Many words from Chinook Jargon remain in common use in the Western United States and British Columbia. It has been described as part of a multicultural heritage shared by the modern inhabitants of the Pacific Northwest. The total number of Jargon words in published lexicons is in the hundreds.[4] It has a simple grammatical system. In Chinook Jargon, the consonant pronounced as //r// is rare. Such English and French loan words as rice and French: merci, for instance, have changed after being adopted to the Jargon, to Chinook jargon: lays and Chinook jargon: mahsi, respectively.
Most books written in English still use the term Chinook Jargon, but some linguists working with the preservation of a creolized form of the language used in Grand Ronde, Oregon, prefer the term Chinuk Wawa (with the spelling 'Chinuk' instead of 'Chinook'). Historical speakers did not use the name Chinook Wawa, but rather "the Wawa" or "Lelang" (from Fr., the language, or tongue). Wawa also means speech or words; "have a wawa" means "hold a parley", even in modern idiomatic English, Lelang also means the physical bodypart, the tongue.[5]
The name for the Jargon varied throughout the territory in which it was used. For example: skokum hiyu in the Boston Bar-Lytton area of the Fraser Canyon. In many areas it was simply "the old trade language" or "the Hudson Bay language".
Whether Jargon was a post-contact or pre-contact language has been the subject of debate among scholars. In 2016, linguist John Lyon studied the word lists collected by Francis Drake and his crew on the 1579 voyage that took them to the Oregon coast. Lyon compared the seven words and phrases found on the Native vocabulary list recorded by Drake and his men with the vocabularies of Native languages on the west coast (Lyon 2016).[6]
Of the five single words on the list, Lyon found that the word petáh, which was the Native word for a root that can be eaten raw or made into cakes called cheepe, were meaning matches for the Jargon words 'wapato' (a root that tastes like a potato) and 'chaplill', the word for the bread cakes made from this root (Lyon 2016:41). The word recorded for 'king' by Drake was 'hióh' (recorded also as 'hioghe'). Lyon thought it was a match for the Wawa word hi-yú, meaning a gathering, or much, plenty. Lyon was not able to conclude whether Drake encountered people of the Northwest Coast.
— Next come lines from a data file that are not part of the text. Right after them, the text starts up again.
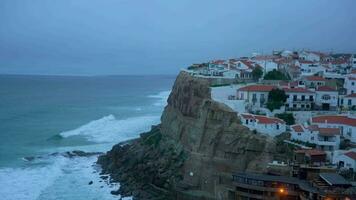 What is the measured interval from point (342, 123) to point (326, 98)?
6.41 m

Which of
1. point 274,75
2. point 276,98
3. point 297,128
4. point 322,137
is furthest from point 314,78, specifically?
point 322,137

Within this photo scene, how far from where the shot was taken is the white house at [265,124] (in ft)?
102

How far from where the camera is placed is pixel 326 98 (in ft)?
121

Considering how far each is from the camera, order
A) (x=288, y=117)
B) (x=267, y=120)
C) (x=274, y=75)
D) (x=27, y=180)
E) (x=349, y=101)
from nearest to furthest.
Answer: (x=267, y=120), (x=288, y=117), (x=349, y=101), (x=27, y=180), (x=274, y=75)

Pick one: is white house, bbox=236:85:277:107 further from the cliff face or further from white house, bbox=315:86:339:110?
white house, bbox=315:86:339:110

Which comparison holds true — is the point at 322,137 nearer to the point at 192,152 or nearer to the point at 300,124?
the point at 300,124

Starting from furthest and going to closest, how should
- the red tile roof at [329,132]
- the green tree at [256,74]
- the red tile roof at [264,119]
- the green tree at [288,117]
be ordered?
1. the green tree at [256,74]
2. the green tree at [288,117]
3. the red tile roof at [264,119]
4. the red tile roof at [329,132]

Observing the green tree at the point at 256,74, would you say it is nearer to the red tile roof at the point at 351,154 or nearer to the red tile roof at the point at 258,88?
the red tile roof at the point at 258,88

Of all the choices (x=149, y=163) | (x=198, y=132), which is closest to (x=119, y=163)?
(x=149, y=163)

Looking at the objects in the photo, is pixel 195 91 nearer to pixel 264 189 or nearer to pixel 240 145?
pixel 240 145

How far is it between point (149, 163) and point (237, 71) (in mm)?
13466

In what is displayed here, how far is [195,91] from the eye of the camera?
130ft

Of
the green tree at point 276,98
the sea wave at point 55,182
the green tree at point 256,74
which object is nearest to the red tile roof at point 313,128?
the green tree at point 276,98

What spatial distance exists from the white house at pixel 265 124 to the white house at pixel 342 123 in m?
2.08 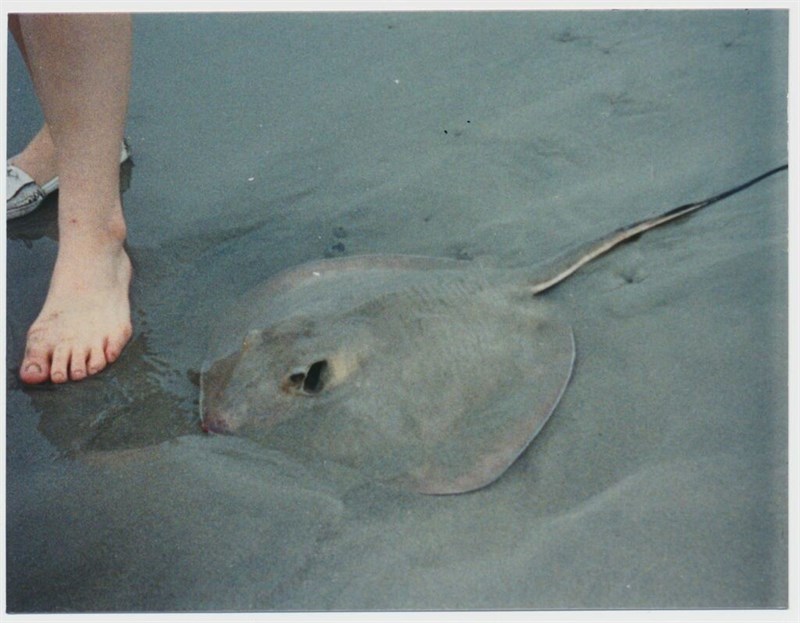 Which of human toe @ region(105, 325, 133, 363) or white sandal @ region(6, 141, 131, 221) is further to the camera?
white sandal @ region(6, 141, 131, 221)

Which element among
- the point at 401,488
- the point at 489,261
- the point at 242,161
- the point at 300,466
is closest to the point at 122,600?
the point at 300,466

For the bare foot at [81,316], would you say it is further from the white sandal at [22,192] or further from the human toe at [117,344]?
the white sandal at [22,192]

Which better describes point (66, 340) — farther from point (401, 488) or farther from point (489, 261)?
point (489, 261)

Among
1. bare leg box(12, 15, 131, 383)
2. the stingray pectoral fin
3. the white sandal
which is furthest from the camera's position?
the white sandal

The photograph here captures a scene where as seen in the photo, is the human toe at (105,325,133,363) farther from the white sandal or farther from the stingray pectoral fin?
the stingray pectoral fin

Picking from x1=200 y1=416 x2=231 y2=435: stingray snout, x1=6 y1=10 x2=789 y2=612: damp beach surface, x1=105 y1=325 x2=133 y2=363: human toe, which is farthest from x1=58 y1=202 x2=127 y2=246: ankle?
x1=200 y1=416 x2=231 y2=435: stingray snout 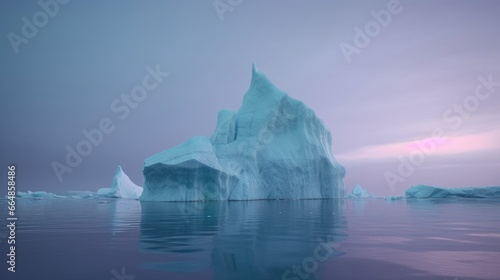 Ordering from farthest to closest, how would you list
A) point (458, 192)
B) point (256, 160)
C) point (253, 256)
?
point (458, 192), point (256, 160), point (253, 256)

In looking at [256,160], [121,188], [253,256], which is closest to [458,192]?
[256,160]

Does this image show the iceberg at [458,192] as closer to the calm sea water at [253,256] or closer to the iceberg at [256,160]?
the iceberg at [256,160]

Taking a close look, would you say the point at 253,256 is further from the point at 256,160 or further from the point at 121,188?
the point at 121,188

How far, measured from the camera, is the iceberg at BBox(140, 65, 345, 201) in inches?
1235

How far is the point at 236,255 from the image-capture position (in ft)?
18.3

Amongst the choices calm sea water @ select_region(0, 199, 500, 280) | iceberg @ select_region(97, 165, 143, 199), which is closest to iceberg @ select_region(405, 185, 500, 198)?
calm sea water @ select_region(0, 199, 500, 280)

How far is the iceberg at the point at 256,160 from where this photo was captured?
1235 inches

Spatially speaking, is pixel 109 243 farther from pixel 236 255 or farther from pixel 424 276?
pixel 424 276

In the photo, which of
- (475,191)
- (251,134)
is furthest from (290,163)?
(475,191)

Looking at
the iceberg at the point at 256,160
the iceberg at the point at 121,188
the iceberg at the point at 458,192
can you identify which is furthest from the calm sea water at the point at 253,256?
the iceberg at the point at 121,188


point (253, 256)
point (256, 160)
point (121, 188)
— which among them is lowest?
point (121, 188)

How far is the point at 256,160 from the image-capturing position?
125 feet

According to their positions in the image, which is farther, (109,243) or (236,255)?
(109,243)

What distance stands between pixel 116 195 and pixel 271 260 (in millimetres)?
58748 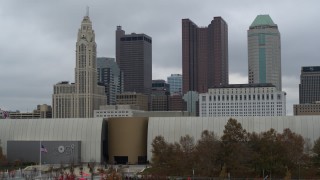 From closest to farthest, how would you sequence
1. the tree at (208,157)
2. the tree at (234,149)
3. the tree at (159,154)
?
the tree at (208,157)
the tree at (234,149)
the tree at (159,154)

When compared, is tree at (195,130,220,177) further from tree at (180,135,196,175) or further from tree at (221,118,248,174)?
tree at (221,118,248,174)

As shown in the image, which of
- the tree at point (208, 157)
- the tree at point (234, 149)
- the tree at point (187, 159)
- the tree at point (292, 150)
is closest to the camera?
the tree at point (208, 157)

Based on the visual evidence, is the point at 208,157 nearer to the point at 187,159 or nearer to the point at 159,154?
the point at 187,159

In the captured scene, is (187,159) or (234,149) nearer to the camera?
(234,149)

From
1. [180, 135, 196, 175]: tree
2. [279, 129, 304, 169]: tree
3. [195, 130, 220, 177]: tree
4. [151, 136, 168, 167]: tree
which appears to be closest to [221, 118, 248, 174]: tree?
[195, 130, 220, 177]: tree

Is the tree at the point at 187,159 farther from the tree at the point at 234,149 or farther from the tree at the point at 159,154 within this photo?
the tree at the point at 234,149

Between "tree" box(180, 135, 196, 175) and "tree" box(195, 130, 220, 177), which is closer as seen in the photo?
"tree" box(195, 130, 220, 177)

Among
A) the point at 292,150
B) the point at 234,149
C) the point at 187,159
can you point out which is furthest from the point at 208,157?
the point at 292,150

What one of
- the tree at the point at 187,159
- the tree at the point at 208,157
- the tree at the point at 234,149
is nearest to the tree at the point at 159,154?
the tree at the point at 187,159

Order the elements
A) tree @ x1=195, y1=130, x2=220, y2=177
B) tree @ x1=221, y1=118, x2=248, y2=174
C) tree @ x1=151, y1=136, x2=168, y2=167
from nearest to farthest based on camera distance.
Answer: tree @ x1=195, y1=130, x2=220, y2=177 → tree @ x1=221, y1=118, x2=248, y2=174 → tree @ x1=151, y1=136, x2=168, y2=167

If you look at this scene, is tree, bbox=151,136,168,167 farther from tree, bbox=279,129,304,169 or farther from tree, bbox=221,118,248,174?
tree, bbox=279,129,304,169

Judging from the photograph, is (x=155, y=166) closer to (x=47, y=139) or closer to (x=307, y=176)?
(x=307, y=176)

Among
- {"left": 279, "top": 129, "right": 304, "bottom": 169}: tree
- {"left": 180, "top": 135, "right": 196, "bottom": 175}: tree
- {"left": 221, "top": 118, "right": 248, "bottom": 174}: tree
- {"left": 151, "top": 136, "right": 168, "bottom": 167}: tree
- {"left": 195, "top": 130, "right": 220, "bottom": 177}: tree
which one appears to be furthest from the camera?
{"left": 151, "top": 136, "right": 168, "bottom": 167}: tree

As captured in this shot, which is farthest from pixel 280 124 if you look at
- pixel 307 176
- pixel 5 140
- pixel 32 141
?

In 2021, Melissa Darby studied the ethnographic records and the records left by Francis Drake's expedition. She found new evidence that the people Drake met were speaking some Jargon words to Drake and his men.[7]
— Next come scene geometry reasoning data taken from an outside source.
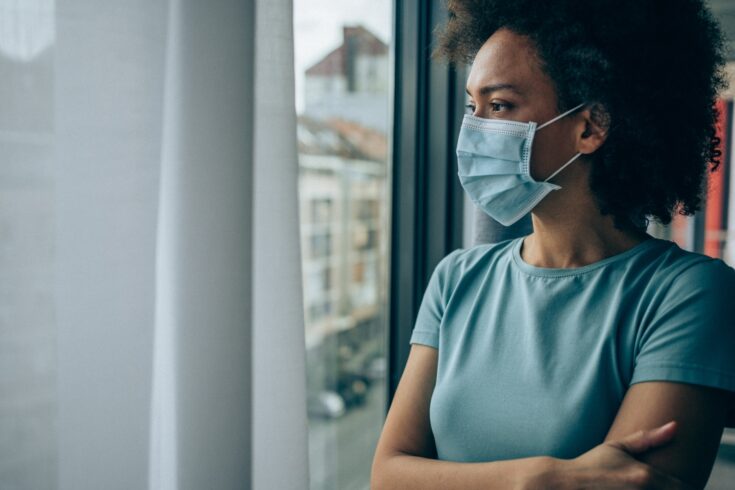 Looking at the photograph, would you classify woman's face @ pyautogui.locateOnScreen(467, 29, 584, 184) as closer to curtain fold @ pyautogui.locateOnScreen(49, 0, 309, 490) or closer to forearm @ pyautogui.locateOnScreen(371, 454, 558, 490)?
curtain fold @ pyautogui.locateOnScreen(49, 0, 309, 490)

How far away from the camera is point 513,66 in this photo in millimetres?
999

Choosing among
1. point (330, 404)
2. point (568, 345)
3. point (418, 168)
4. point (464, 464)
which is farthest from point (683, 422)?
point (330, 404)

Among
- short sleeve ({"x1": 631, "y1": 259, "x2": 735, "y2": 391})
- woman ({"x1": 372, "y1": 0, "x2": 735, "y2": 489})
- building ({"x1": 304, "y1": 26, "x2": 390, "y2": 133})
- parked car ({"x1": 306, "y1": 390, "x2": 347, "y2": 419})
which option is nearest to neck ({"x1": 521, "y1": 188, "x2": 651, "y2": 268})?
woman ({"x1": 372, "y1": 0, "x2": 735, "y2": 489})

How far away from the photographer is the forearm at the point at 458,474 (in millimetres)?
814

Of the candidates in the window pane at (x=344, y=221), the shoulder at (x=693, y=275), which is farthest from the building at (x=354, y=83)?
the shoulder at (x=693, y=275)

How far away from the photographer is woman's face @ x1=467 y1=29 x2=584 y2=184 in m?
0.99

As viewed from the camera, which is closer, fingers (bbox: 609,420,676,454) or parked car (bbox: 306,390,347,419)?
fingers (bbox: 609,420,676,454)

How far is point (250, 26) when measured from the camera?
2.90 feet

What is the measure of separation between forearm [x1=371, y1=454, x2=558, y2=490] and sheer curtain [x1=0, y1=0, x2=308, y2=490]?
0.15m

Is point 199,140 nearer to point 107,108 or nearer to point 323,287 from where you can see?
point 107,108

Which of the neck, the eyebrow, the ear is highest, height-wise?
the eyebrow

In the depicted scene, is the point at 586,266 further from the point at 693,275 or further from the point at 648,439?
the point at 648,439

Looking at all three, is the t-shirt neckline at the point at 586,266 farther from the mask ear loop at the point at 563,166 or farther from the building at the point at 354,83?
the building at the point at 354,83

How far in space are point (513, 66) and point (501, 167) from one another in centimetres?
17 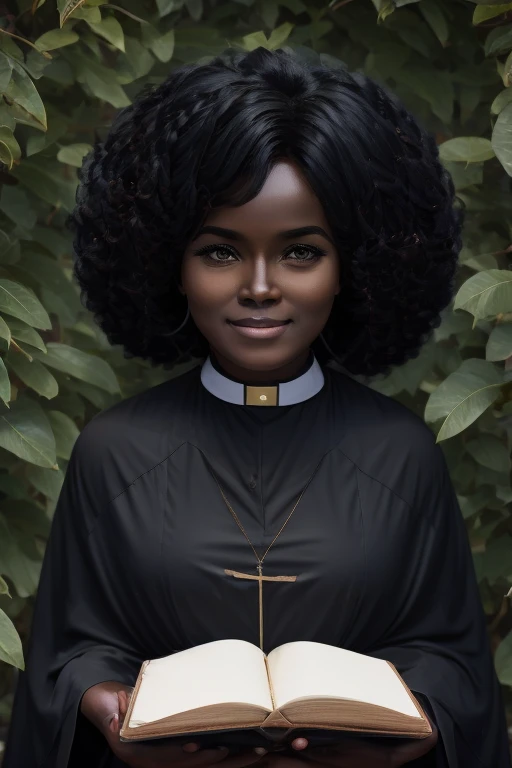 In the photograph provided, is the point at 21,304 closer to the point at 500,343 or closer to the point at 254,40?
Result: the point at 254,40

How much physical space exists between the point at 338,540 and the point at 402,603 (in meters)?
0.16

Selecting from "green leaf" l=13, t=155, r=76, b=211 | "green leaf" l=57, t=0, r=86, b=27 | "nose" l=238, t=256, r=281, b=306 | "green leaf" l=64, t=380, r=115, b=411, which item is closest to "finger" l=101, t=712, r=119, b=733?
"nose" l=238, t=256, r=281, b=306

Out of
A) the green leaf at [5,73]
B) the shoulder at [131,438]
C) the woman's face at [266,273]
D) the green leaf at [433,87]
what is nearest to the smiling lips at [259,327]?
the woman's face at [266,273]

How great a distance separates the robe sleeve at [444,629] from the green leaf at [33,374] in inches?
28.9

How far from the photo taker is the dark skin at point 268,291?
1907 mm

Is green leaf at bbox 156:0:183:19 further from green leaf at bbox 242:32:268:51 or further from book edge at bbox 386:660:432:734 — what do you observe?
book edge at bbox 386:660:432:734

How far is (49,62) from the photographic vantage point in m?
2.53

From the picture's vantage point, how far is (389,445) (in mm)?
2162

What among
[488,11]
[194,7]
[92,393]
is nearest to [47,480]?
[92,393]

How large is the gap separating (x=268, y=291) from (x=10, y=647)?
77 centimetres

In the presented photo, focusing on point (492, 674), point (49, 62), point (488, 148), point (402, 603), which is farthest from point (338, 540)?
point (49, 62)

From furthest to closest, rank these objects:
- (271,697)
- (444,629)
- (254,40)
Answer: (254,40), (444,629), (271,697)

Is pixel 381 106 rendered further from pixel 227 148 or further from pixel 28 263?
pixel 28 263

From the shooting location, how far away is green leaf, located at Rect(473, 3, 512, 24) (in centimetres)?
244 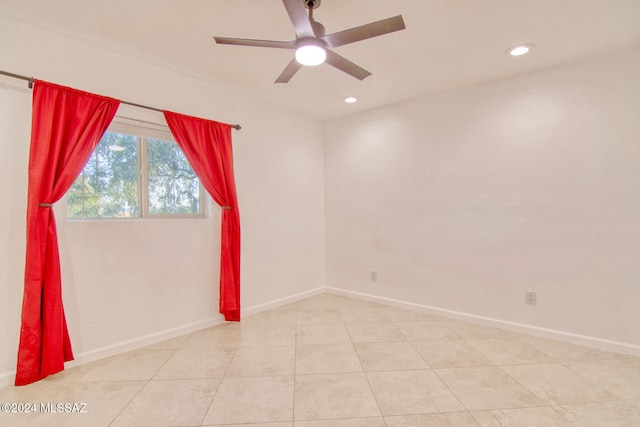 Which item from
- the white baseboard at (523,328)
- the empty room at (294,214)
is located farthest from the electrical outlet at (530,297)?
the white baseboard at (523,328)

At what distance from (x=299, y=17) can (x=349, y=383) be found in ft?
7.29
The pre-contact hypothesis states that the language developed prior to European settlement as an intra-indigenous contact language in a region marked by divisive geography and intense linguistic diversity. It eventually expanded to incorporate elements of European languages, with approximately 15 percent of its lexicon derived from French.[8] [9] The Jargon also acquired English loanwords, and its written form is entirely in the Duployan shorthand created by French priest Émile Duployé.[10] [11]
The post-contact hypothesis suggests the language originated in Nootka Sound after the arrival of Russian and Spanish traders as a means of communicating between them and indigenous peoples. It eventually spread further south due to commercial use. University of Ottawa linguist David Lang has argued for this conclusion.[12]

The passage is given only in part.